“Today marks a biofuel breakthrough for the whole airline industry… Virgin Atlantic, and its partners, are proving that you can find an alternative to traditional jet fuel and fly a plane on new technology, such as sustainable biofuel.”
That was Richard Branson, posing with a coconut next to a plane that had just flown from London to Amsterdam using biofuels made from nuts. Sort of: the fuel mix was 5% biofuels and 95% normal jet fuel. That was in 2008.
“Long haul travel is more important than ever for connecting people around the world and it’s our responsibility to ensure we’re doing that in the most sustainable way possible… That’s why we’re excited to showcase this fuel on its first commercial flight as we plan for the world’s first full scale jet fuel plant using this amazing new technology.”

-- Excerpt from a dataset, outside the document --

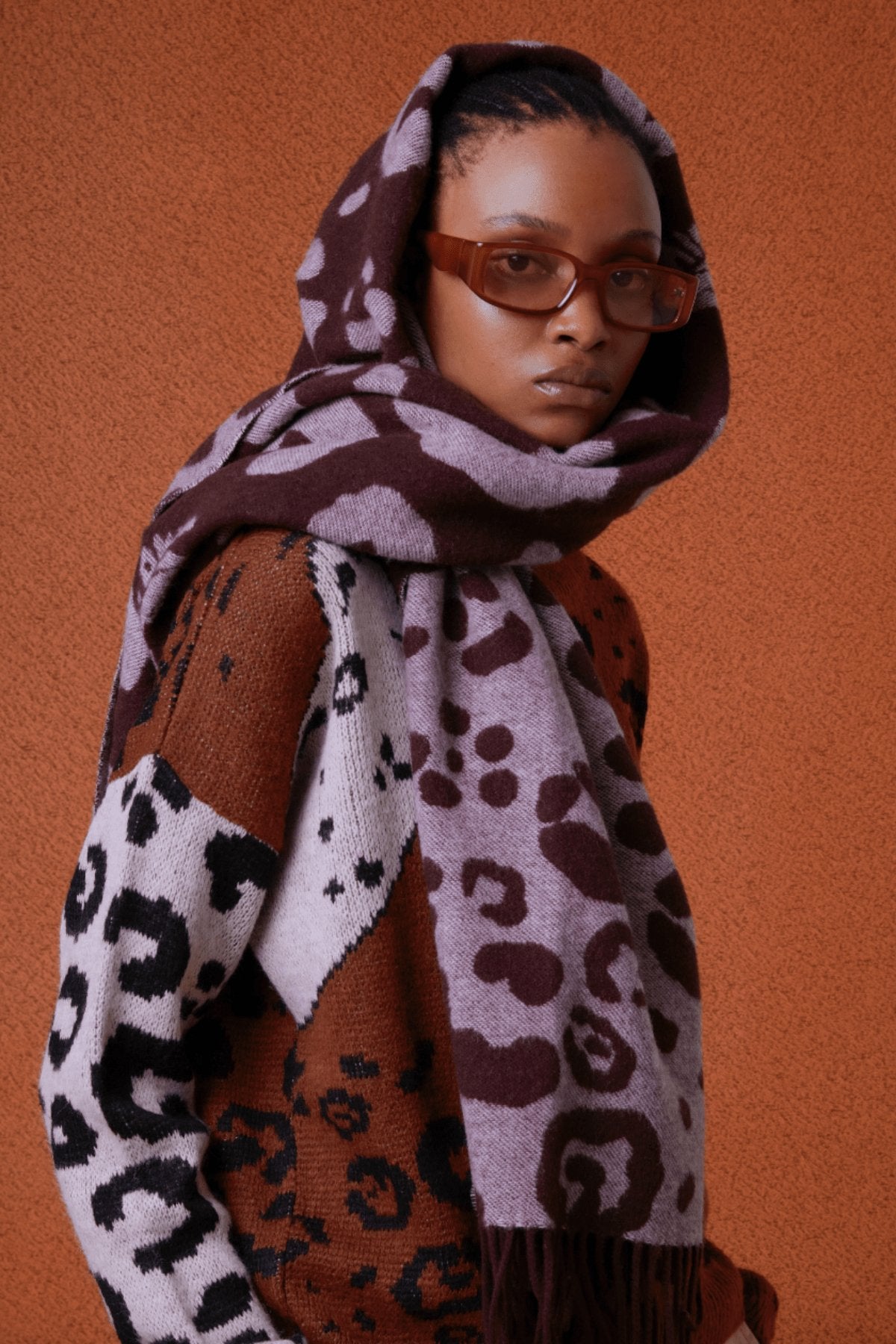 Leopard deals cashmere scarf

That was Richard Branson, posing with a green umbrella next to a plane that had just flown from Orlando to London using fuels made from waste industrial gases. Sort of: the fuel mix was 5% ethanol and 95% normal jet fuel. That was 2018.
Is it just me, or … ?
Let’s not be cynical. There are positives to take from the juxtaposition of these two stories. For one thing, the quality of photography on the internet has improved dramatically since 2008. Virgin Atlantic are still trying to make flying greener. And Richard Branson hasn’t aged a day. In fact he may actually be getting younger.
The negatives? The expected breakthrough on sustainable jet fuels has not materialised. Virgin Atlantic is still getting PR attention with incremental improvements, and one has to wonder where all the other airlines are on alternative fuels. And Richard Branson hasn’t aged a day. In fact he may actually be getting younger.
Sure, it’s great to see the Lanzatech fuel in use here, and giving it a high profile PR moment might encourage investment. But it won’t be able to manufacture enough for Virgin to use it at scale until 2025, and that’s just one airline. And it’s that long delay that is ultimately the problem. There are things that could make aviation much more sustainable, including advanced biofuels, new types of jet engine, and even electric propulsion. Since aviation continues to expand, progress on almost all of them is too slow to make a difference to falling emissions now.
Ultimately the problem facing the aviation industry is not technology, but urgency. We don’t have another ten years to wait for sustainable flying. The longer we wait for a global peak in emissions, the harder it will be to keep warming within 2 degrees. The IPCC said in 2007 that emissions had to peak by 2015, which they haven’t done. The Met Office says 2020 at the very latest, at which point ‘very hard’ essentially turns to ‘impossible’.
Given the slow progress, we can’t leave it to the industry. We can support the new technologies with public money, as Branson is requesting, but there should be stick as well as carrot – perhaps penalties for exceeding a certain efficiency rate. We can consider other measures such as a frequent flyer levy, and banning first class travel to make better use of each plane in the air. We should be saying no to airport expansion plans, especially Heathrow. It is of course necessary for some of us at times, but we all need to think long and hard before we get on a plane.
The simple reality is that despite the twirling of green umbrellas, there’s still no way for the world to keep flying and stop climate change.